1. ## Negation Logic

Write the negation of the logical expression $(p \rightarrow \neg q) \wedge (p \vee q)$. Simplify it to the point where the negation symbol appears only in front of the variables $p$ and $q$, do not leave the negation symbol in front of a parenthetical clause.

Is the answer $(\neg q \wedge \neg p) \vee (\neg p \wedge \neg q)$?
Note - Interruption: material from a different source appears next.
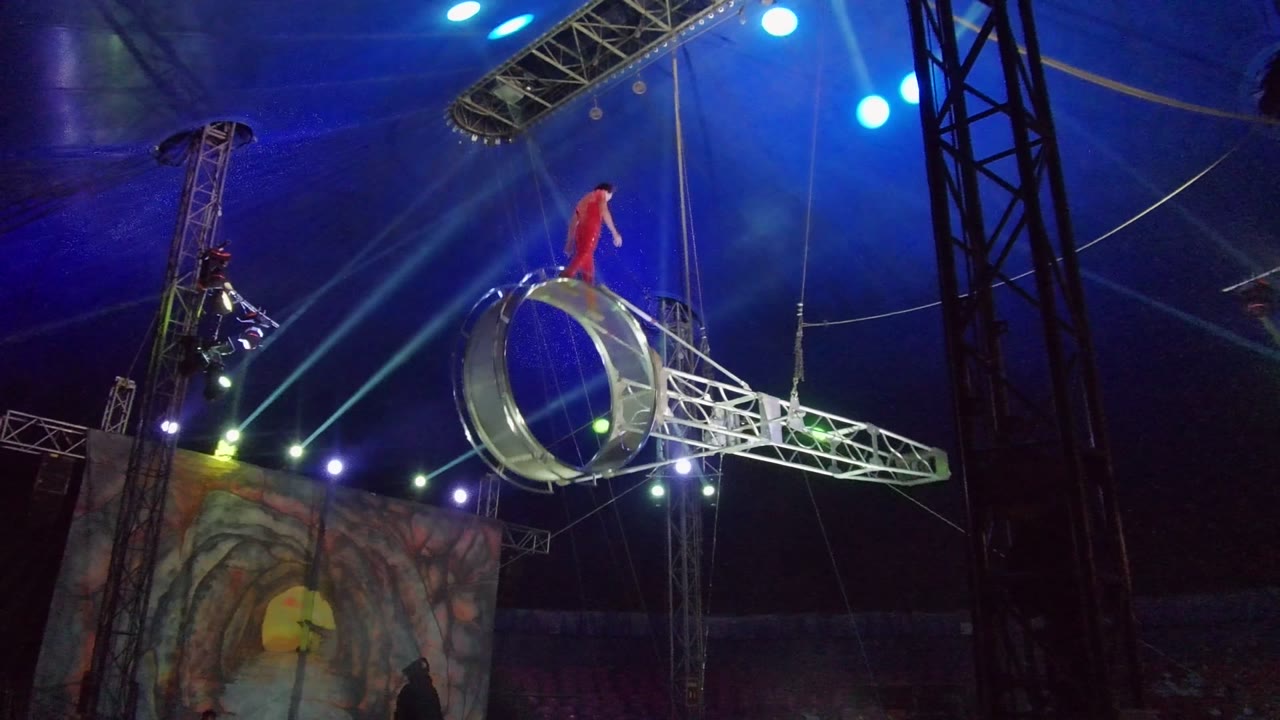 In San Jose Del Cabo, Mexico, a performer in red stands on the upper structure of a suspended aerial ring while blue tent lighting and rigging fill the background.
2. Alright, I'll try to walk you though this:

¬ [(p -> ¬q) ^ (p v q)]

because of ¬(p^q)=¬p v ¬q we get

¬ (p -> ¬q) v ¬(p v q)

because of ¬(p->q)=p^¬q we get

(p ^ ¬¬q) ^ ¬(p v q)

because of ¬(p v q)=¬p^¬q we get

(p ^ ¬¬q) ^ (¬p ^ ¬q)

From there we just simplify and get:

(p ^ q) ^ (¬p ^ ¬q)

Hope that helps!

3. Hello, chiph588@!

Write the negation of: . $(p \to \sim q) \wedge (p \vee q)$
$\sim\bigg[(p\to \sim q) \wedge (p \vee q)\bigg]$

. . $= \;\sim\bigg[(\sim p \:\vee \sim q) \vee (p \vee q)\bigg]$

. . $= \;\sim(\sim p\: \vee \sim q)\: \vee \sim(p \vee q)$

. . $= \;(p \wedge q) \vee (\sim p \:\wedge \sim q)$

. . $= \;\bigg[(p \wedge q) \:\vee \sim p\bigg] \wedge \bigg[(p \wedge q) \vee \sim q\bigg]$

. . $= \;\bigg[(p \:\vee \sim p) \wedge (q \:\vee \sim p)\bigg] \wedge \bigg[(p \:\vee \sim q) \wedge (q \:\vee \sim q)\bigg]$

. . $= \;\bigg[t \wedge (q \:\vee \sim p)\bigg] \wedge \bigg[(p \:\vee \sim q) \wedge t\bigg]$

. . $= \;(q \:\vee \sim p) \wedge (p\: \vee \sim q)$

. . $= \;(\sim p \vee q) \wedge (\sim q \vee p)$

. . $= \;(p \to q) \wedge (q \to p)$

. . $= \;p \Longleftrightarrow q$